The whole thing got me thinking about safety. On TV last night, there was this news about a first grader who was hit by a truck while crossing the street on the way home from school. It couldn't have been the truck driver's fault entirely, but then who else gets the blame in cases like this? The victim? The parents? The community at large?

The kid on the bike sure needed discipline. I told the school authorities that much over the phone. I don't even think gradeschool kids are allowed to ride their bikes to school, especially if school is right downtown, I added. The principal promised she'll take the matter up during the first PTA meeting this week. They're too loaded to be expected to look after the kids, she said, but she'll do the best she could.

I am not totally reassured, and I am thinking: isn't it too much of a confidence on the part of the parents to allow their kids that much freedom? Sure, we can't tail our kids all the time but we can caution them against using the highway as a playground. Biking on parks and on out-of-the-way streets is okay, but on the highway, along with trucks and cars and tricycles and motor bikes?

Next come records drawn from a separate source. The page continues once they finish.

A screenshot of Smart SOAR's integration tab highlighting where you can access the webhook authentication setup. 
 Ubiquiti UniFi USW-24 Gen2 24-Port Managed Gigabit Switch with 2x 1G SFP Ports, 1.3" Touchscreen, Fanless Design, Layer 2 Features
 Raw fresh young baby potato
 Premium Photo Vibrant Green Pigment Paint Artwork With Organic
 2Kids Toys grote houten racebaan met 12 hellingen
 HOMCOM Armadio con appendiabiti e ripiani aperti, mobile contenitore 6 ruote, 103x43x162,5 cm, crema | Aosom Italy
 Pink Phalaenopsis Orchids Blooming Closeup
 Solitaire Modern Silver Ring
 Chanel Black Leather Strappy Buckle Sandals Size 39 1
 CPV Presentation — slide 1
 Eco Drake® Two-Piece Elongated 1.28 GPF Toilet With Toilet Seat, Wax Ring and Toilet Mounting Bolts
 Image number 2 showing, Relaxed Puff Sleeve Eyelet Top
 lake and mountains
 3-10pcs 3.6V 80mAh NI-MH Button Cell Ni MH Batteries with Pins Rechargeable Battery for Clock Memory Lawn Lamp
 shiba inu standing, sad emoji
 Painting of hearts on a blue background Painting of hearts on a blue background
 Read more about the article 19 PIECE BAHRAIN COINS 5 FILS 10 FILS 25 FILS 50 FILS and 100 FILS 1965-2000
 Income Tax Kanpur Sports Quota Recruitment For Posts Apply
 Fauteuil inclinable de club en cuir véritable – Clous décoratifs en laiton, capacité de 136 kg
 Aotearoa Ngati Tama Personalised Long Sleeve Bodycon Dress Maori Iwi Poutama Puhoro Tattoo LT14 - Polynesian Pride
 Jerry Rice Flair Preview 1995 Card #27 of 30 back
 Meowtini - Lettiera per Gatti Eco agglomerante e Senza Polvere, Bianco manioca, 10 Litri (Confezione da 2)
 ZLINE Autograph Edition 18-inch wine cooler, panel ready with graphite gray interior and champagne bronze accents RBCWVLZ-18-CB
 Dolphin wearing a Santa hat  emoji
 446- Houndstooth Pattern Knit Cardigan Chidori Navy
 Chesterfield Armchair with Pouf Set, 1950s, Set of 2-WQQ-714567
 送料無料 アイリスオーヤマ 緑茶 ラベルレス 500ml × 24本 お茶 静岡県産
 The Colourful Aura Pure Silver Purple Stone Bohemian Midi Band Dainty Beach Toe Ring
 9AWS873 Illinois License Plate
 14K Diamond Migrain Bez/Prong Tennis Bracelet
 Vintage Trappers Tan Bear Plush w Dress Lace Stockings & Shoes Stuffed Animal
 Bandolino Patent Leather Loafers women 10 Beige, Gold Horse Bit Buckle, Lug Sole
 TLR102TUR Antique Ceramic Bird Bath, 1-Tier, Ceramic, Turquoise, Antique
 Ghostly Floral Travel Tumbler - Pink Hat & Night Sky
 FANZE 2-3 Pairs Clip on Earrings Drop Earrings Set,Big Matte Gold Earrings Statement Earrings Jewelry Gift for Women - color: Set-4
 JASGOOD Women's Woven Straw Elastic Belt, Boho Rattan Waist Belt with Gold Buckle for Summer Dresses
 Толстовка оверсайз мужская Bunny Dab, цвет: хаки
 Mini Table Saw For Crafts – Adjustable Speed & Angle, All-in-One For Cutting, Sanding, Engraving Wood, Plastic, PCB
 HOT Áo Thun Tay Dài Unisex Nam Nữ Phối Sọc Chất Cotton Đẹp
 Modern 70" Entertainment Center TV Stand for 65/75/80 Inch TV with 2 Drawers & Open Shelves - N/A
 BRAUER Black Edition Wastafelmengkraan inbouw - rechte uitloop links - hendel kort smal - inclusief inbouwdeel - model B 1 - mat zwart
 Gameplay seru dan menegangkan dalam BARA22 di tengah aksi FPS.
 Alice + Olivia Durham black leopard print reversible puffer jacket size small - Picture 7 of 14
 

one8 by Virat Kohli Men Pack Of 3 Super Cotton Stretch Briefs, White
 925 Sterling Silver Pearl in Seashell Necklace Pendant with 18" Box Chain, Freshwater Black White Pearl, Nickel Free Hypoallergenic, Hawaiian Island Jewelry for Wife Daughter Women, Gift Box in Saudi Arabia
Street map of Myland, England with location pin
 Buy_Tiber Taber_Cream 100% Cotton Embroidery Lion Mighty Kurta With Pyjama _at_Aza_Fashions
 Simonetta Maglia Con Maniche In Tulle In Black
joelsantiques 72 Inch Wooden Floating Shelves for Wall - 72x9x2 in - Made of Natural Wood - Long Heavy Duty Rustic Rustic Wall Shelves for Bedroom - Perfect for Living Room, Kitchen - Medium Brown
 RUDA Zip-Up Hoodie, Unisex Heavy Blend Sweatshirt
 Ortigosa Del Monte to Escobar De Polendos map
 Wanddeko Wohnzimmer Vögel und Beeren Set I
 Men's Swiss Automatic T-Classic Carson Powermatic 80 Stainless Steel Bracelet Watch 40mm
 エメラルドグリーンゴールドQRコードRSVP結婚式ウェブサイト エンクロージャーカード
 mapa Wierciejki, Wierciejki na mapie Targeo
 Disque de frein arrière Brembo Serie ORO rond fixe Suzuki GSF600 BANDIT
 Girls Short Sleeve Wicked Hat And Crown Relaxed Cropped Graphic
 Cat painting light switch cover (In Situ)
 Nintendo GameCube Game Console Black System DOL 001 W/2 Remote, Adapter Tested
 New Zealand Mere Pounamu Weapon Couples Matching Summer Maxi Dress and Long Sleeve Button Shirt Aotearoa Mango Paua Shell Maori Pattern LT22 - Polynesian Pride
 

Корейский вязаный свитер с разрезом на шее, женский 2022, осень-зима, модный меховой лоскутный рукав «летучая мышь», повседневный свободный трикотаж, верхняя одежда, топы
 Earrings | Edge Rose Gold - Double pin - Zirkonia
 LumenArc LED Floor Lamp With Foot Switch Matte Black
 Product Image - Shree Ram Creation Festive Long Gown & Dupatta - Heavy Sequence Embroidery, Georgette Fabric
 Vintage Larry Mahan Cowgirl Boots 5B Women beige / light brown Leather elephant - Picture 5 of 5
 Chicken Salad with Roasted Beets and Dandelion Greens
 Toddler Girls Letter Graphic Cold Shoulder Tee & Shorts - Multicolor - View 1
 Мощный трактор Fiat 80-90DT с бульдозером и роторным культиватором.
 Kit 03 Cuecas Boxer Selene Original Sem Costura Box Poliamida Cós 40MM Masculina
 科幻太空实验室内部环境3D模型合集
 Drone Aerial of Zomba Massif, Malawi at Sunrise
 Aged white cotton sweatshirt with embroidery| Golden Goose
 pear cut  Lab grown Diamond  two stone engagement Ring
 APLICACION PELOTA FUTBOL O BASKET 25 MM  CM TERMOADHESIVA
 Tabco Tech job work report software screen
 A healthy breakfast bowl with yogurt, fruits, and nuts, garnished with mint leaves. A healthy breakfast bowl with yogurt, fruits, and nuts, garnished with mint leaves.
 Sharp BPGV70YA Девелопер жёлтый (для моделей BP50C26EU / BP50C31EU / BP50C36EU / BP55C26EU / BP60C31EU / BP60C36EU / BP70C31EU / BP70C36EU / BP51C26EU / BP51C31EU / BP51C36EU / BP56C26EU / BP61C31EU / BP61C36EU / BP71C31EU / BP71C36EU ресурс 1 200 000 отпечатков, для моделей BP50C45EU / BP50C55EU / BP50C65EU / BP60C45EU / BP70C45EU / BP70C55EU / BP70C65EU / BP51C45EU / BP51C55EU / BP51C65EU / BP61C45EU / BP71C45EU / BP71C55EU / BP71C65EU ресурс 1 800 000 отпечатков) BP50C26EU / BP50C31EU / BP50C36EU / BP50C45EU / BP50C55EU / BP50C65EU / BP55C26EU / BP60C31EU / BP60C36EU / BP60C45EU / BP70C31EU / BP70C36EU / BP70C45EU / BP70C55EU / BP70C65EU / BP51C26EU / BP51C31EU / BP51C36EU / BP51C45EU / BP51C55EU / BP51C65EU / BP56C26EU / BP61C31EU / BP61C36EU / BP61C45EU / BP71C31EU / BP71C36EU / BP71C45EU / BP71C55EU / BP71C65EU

Kids are kids, and they do tend to forget safety when they are having fun. A year or so ago, a gradeschooler fell off his bike and was ran over by a truck. He and a cousin were jostling each other on their bikes, unmindful of the passing vehicles. Three months ago, an eleven-year-old was hit by a car on the highway. He fled the confines of his subdivision to hunt for spiders on the other side of the road.

Stories such as these, especially when they happen close to home, give me the scare. I look at my daughter and I wonder if I'll ever get past my fear of letting her out into the street by herself. I will have to eventually but I know that I will have to fight the urge to get her all the protective gear in the universe--spells and mantras included.